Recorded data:
= Beginning of Section =

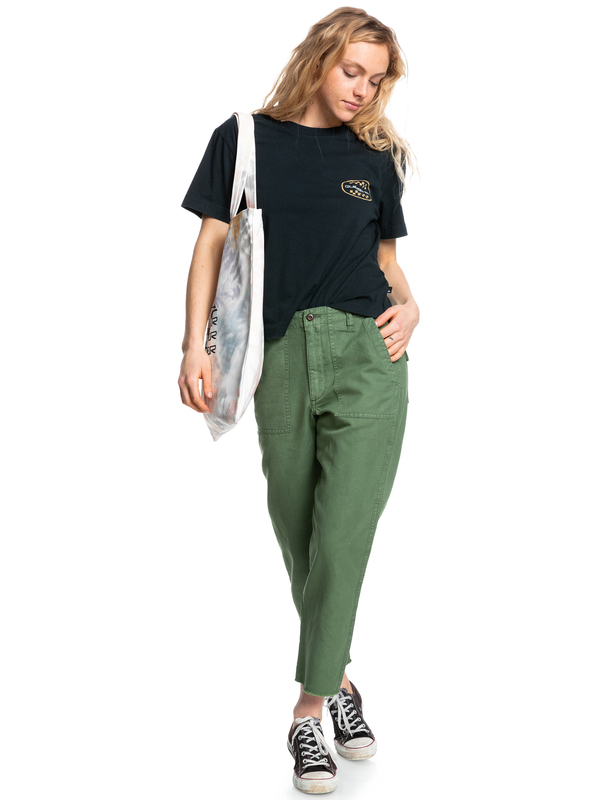 Crop - Short Sleeve T-Shirt for Women  EQWZT03082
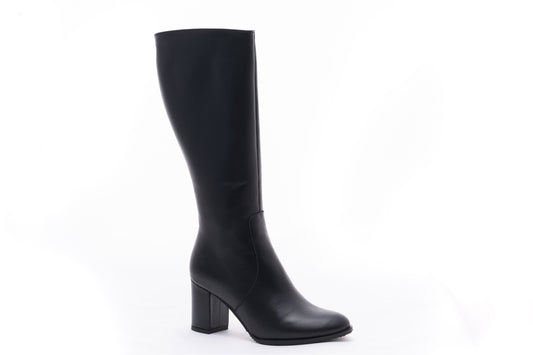 Cizme dama elegante piele naturala 1834 negru box
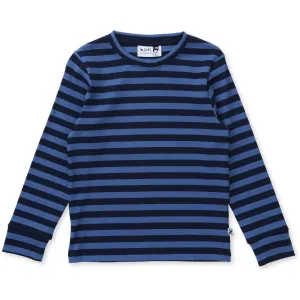 Deluxe Rib Tee - Navy/Blue Stripe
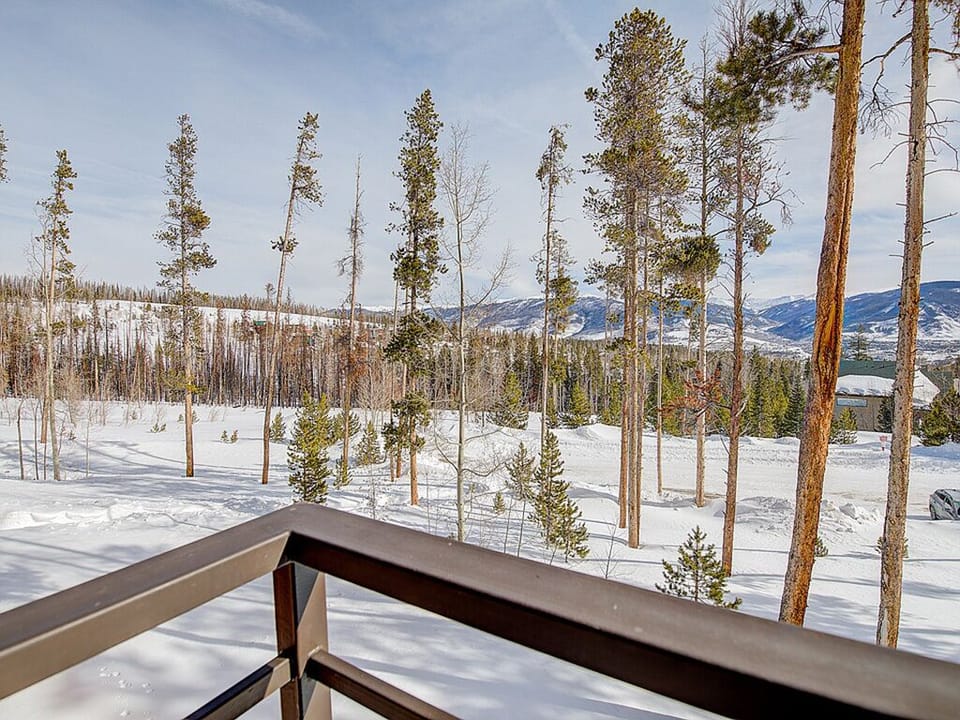 Stunning mountains views from our deck!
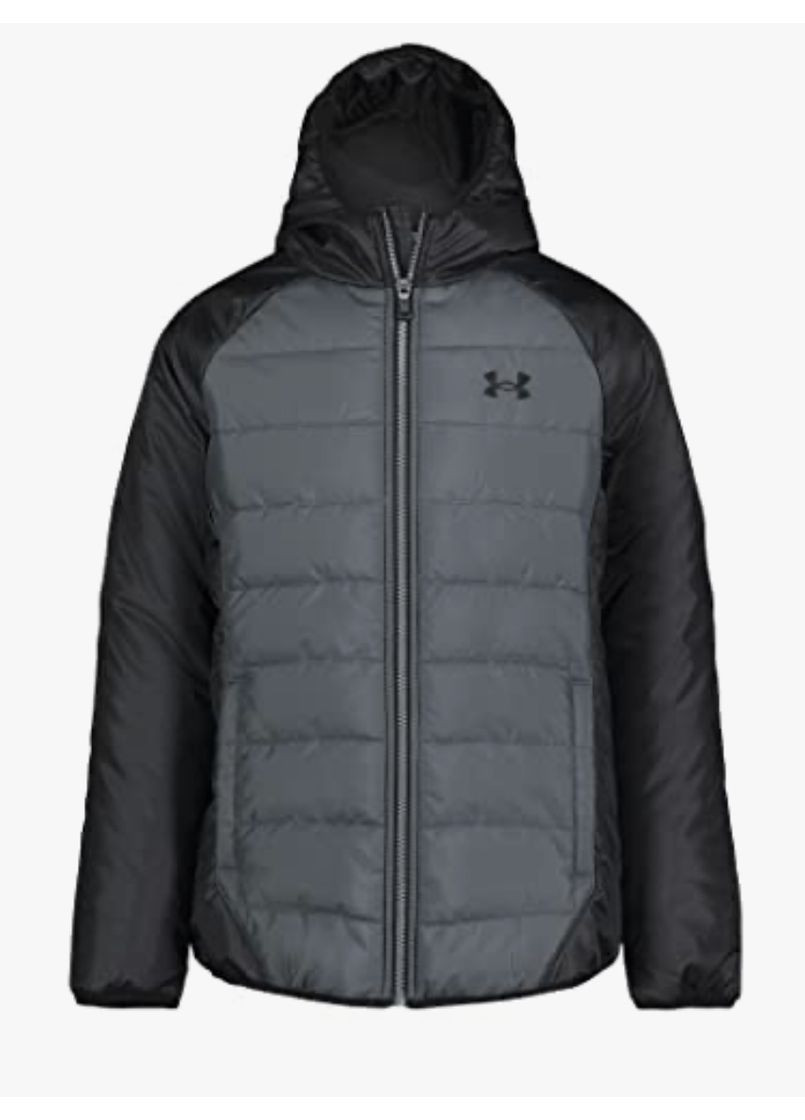 Черная демисезонная демисезонная детская куртка Under Armour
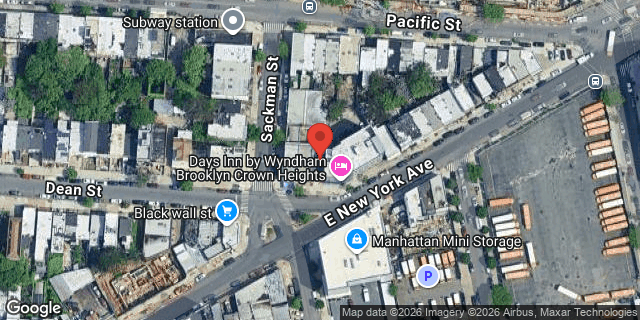 Aerial map of 2451 DEAN STREET, Brooklyn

= End of Section =

ACTIVITY:
Without the pictures, repeat exactly the lines running from the line containing "Cizme dama elegante" through the end of the data, both ends included.

FINAL ANSWER:
 Cizme dama elegante piele naturala 1834 negru box
 Deluxe Rib Tee - Navy/Blue Stripe
 Stunning mountains views from our deck!
 Черная демисезонная демисезонная детская куртка Under Armour
 Aerial map of 2451 DEAN STREET, Brooklyn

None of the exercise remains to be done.